From the first line to the last, restate the material word for word; pictures stay out.

- **DATA RECORDS**
------------------------------------------------------------
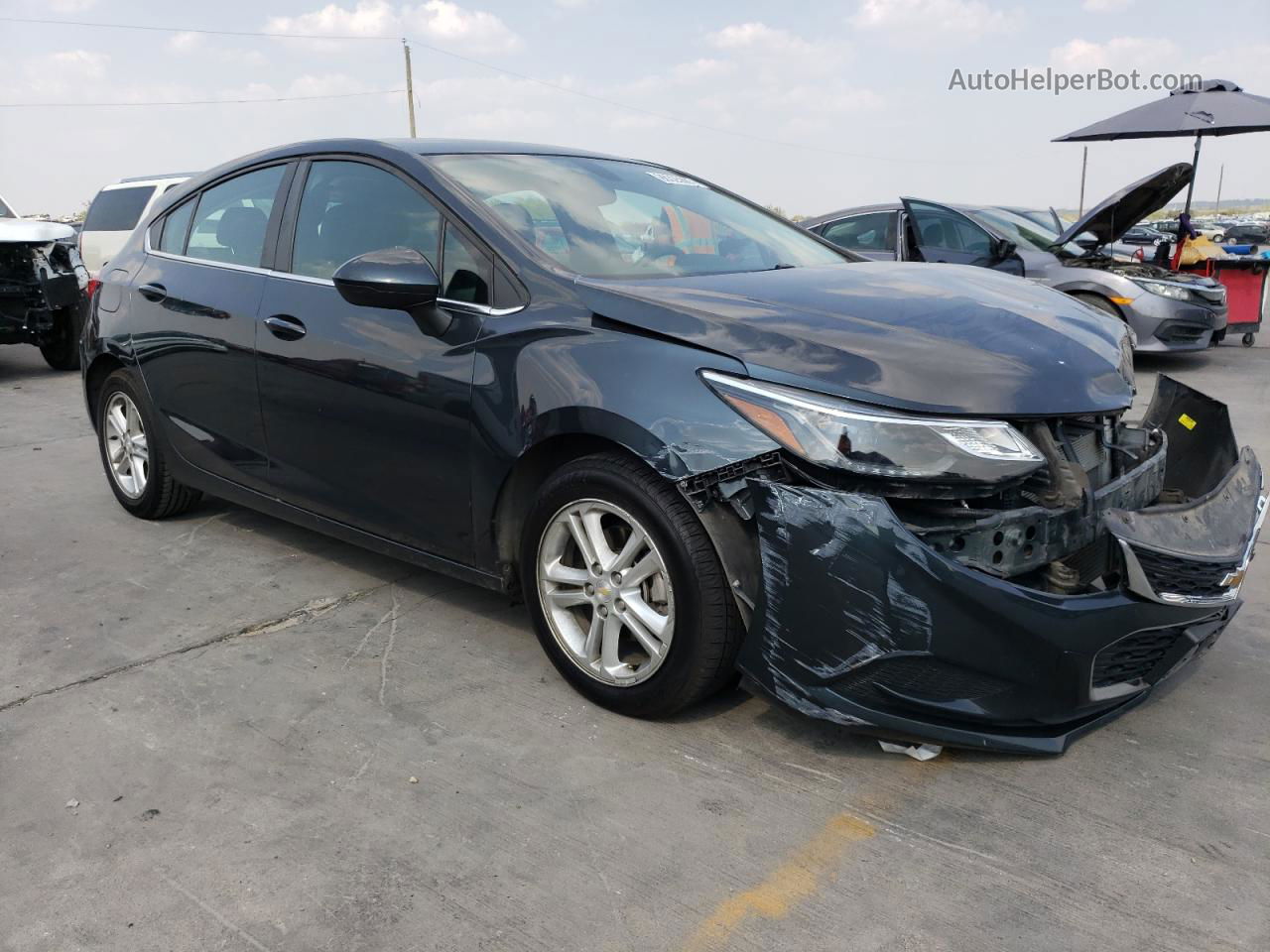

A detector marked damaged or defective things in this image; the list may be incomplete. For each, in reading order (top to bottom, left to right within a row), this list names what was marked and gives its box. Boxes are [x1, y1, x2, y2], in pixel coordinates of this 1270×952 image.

damaged black sedan [84, 138, 1262, 754]
cracked headlight housing [706, 373, 1040, 484]
crushed front bumper [738, 379, 1262, 750]
cracked headlight housing [1127, 278, 1191, 299]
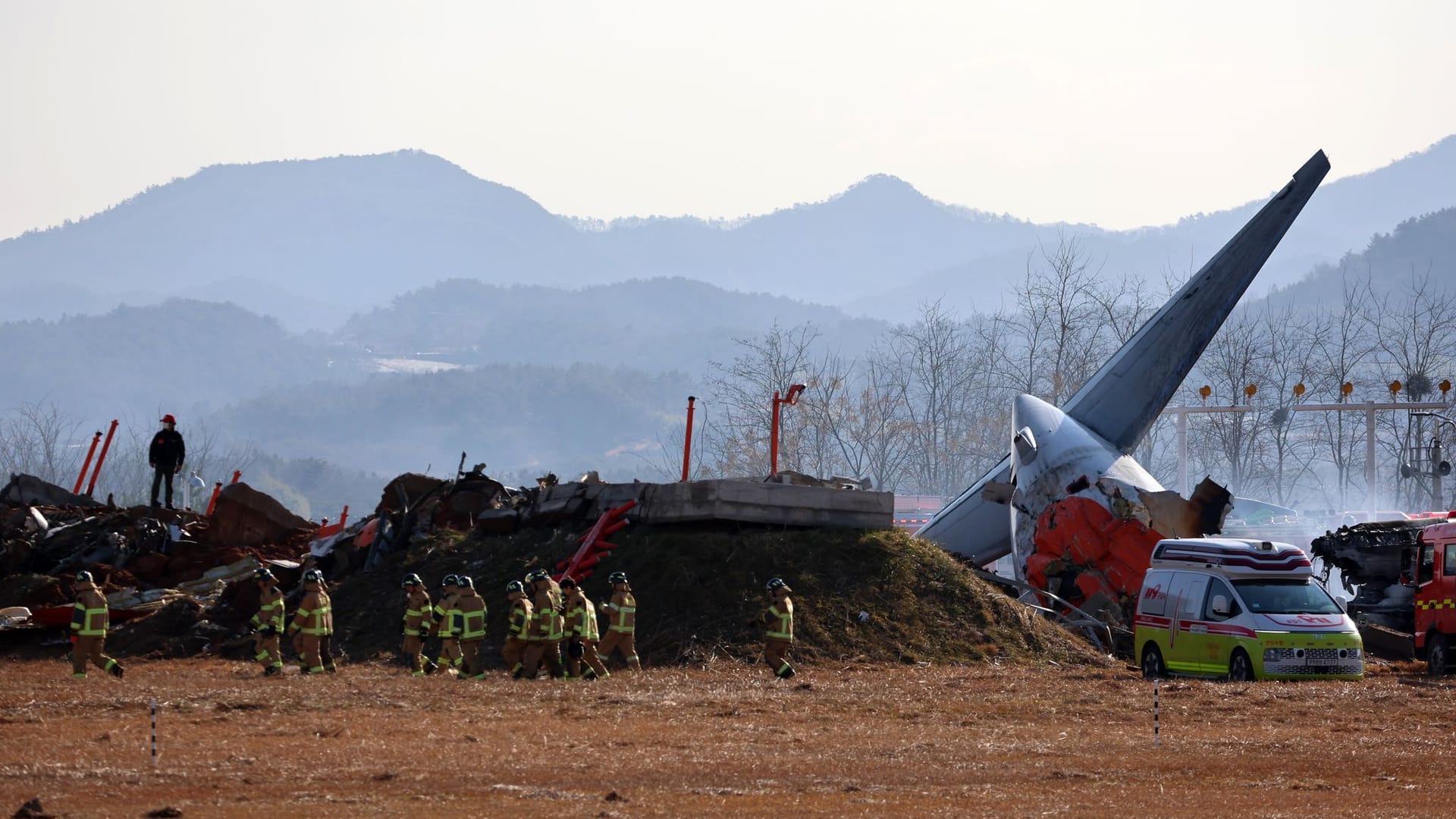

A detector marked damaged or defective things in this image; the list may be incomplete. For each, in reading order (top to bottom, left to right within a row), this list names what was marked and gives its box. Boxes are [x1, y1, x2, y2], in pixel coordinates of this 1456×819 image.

crashed airplane tail [922, 150, 1329, 613]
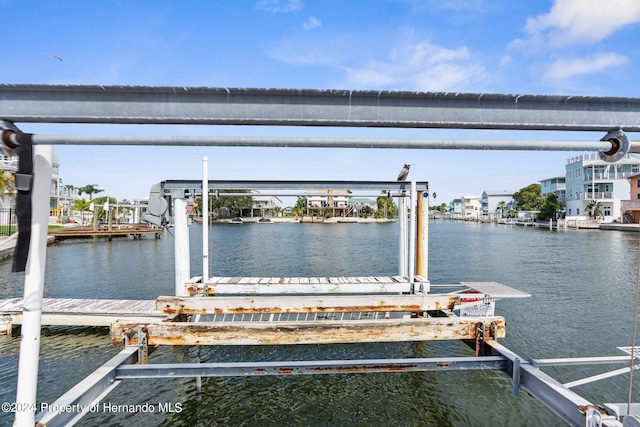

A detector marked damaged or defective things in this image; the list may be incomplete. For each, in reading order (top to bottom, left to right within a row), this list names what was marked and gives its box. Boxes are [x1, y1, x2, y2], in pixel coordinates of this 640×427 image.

rusty wooden beam [158, 294, 462, 314]
rusty wooden beam [112, 318, 508, 348]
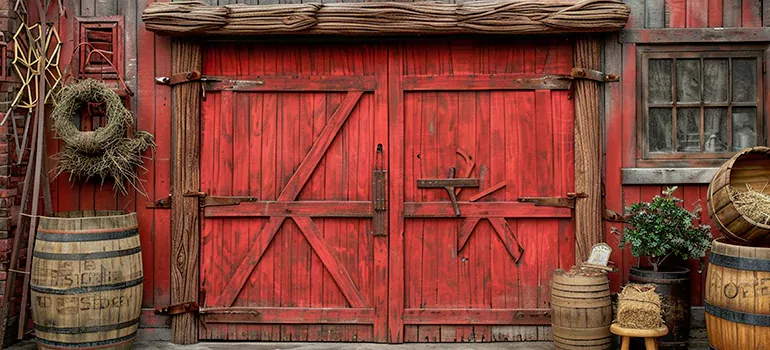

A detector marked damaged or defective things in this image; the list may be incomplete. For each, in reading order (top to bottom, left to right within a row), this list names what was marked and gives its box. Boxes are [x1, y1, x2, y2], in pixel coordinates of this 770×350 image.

rusty metal latch [568, 67, 616, 83]
rusty metal latch [416, 167, 476, 216]
rusty metal latch [516, 193, 588, 209]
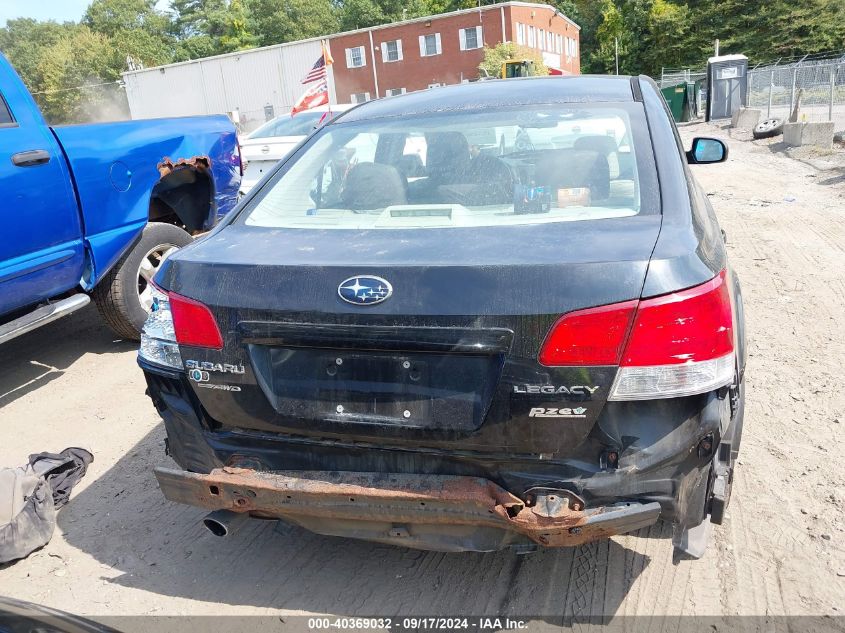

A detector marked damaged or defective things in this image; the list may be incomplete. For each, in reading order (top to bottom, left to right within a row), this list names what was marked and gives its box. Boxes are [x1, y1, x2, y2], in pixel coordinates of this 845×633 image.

rusted metal bracket [157, 464, 660, 548]
damaged rear bumper area [155, 466, 664, 552]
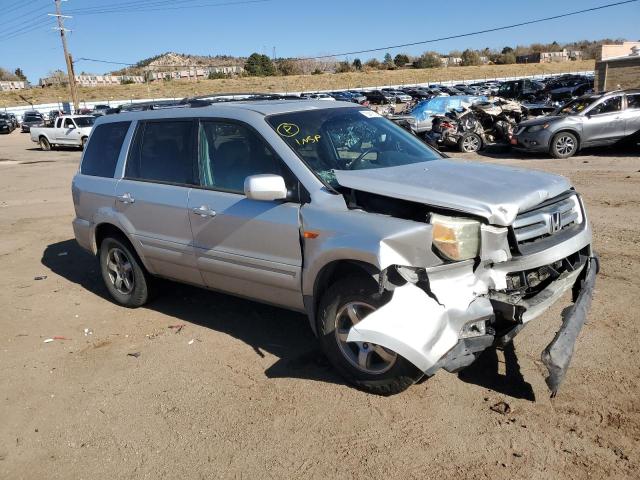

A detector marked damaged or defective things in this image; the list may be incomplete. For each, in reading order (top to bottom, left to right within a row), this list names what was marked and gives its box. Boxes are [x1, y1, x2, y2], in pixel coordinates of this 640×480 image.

crumpled hood [336, 158, 568, 225]
broken headlight [430, 215, 480, 260]
damaged front end [348, 206, 596, 398]
detached bumper piece [544, 256, 596, 396]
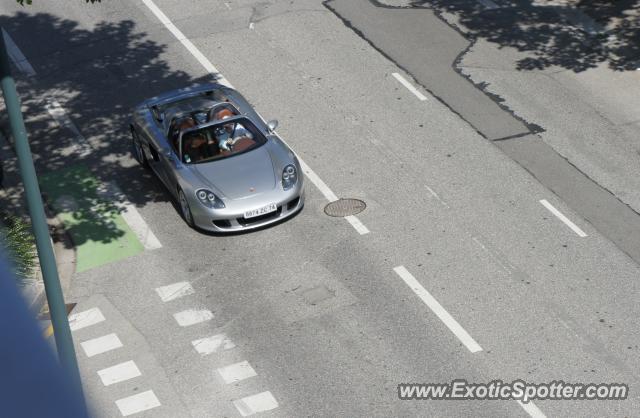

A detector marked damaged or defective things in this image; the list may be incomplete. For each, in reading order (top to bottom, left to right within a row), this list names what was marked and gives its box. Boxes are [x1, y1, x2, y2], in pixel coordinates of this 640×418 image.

pavement patch [40, 165, 145, 272]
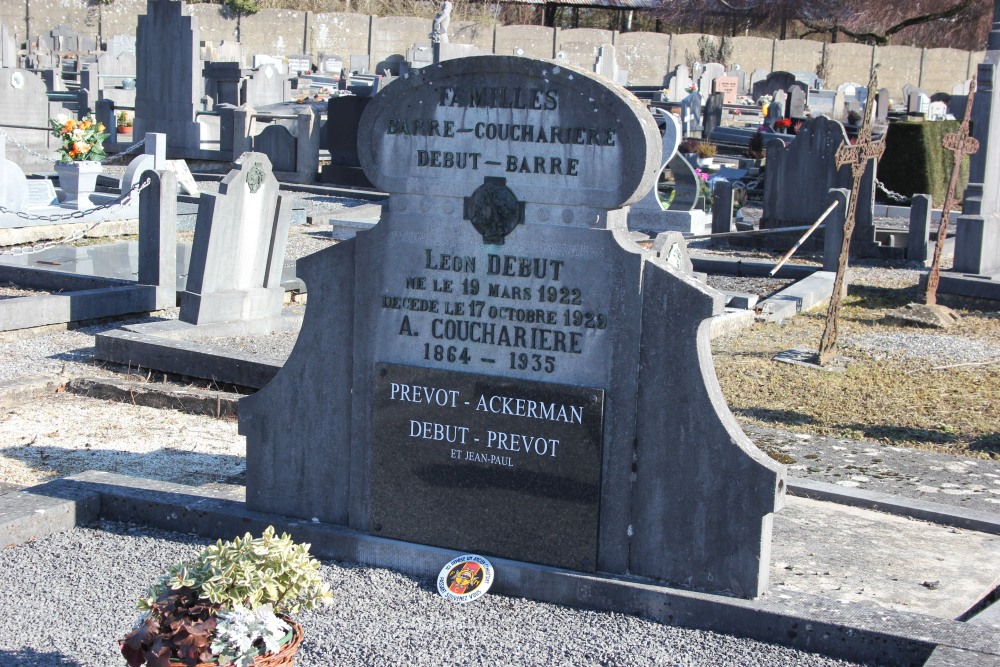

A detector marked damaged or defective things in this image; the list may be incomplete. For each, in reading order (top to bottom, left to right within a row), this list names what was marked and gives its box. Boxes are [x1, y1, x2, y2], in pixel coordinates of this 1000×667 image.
------------------------------------------------------------
- **RESULT OF THIS EXERCISE**
A detector marked damaged or defective things in this image; the list may be incomplete. For each, in reading order (top to bottom, left to right within a row), this list names what was marked and gives its box. Boxes are [x1, y1, x2, y2], in pixel coordinates of this 1270×952 image.

damaged black sedan [84, 138, 1262, 754]
cracked headlight housing [706, 373, 1040, 484]
crushed front bumper [738, 379, 1262, 750]
cracked headlight housing [1127, 278, 1191, 299]

A detector marked damaged or defective things in this image; the list may be incomplete. For each, in reading order (top to bottom, left to right within a row), this list names what was marked and gives its box. Boxes are [x1, y1, x2, y2], in pixel coordinates of this 1456×819 image.

crashed airplane tail [922, 150, 1329, 613]

A detector marked damaged or defective things in this image; the list may be incomplete. For each, in reading order (top to bottom, left to right within a row), this list names what was marked and gives its box. Boxes are [x1, y1, x2, y2], in pixel coordinates of this 640×427 image.

rusty wooden beam [158, 294, 462, 314]
rusty wooden beam [112, 318, 508, 348]

A detector marked damaged or defective things in this image; the list may be incomplete. For each, in reading order (top to bottom, left to right within a row), this list names what was marked and gives its box. Boxes are [x1, y1, x2, y2], in pixel coordinates of this 770×350 image.

rusty metal latch [568, 67, 616, 83]
rusty metal latch [416, 167, 476, 216]
rusty metal latch [516, 193, 588, 209]

A detector marked damaged or defective things in this image; the list may be incomplete. For each, in reading order (top to bottom, left to right within a row), this list names what was marked and gives its box. Boxes are [x1, y1, x2, y2], in pixel coordinates of this 845×633 image.

rusted metal bracket [157, 464, 660, 548]
damaged rear bumper area [155, 466, 664, 552]

A detector marked damaged or defective things in this image; the list may be incomplete. For each, in reading order (top to bottom, left to right within a row), this list names what was marked and gives its box. Boxes are [x1, y1, x2, y2], in pixel coordinates of this 640×480 image.

crumpled hood [336, 158, 568, 225]
broken headlight [430, 215, 480, 260]
damaged front end [348, 206, 596, 398]
detached bumper piece [544, 256, 596, 396]

A detector marked damaged or defective things in this image; the list may be incomplete. For each, in reading order (top to bottom, left to right within a row), this list names what was marked and gives its box. Boxes are [x1, y1, x2, y2], in pixel coordinates of this 640×418 image.

pavement patch [40, 165, 145, 272]

A detector marked damaged or defective things in this image; the list may be incomplete. For each, in reading order (top to bottom, left to right within a row), this list names what was marked and gives its box. Boxes are [x1, y1, x2, y2], in pixel coordinates of this 1000×667 image.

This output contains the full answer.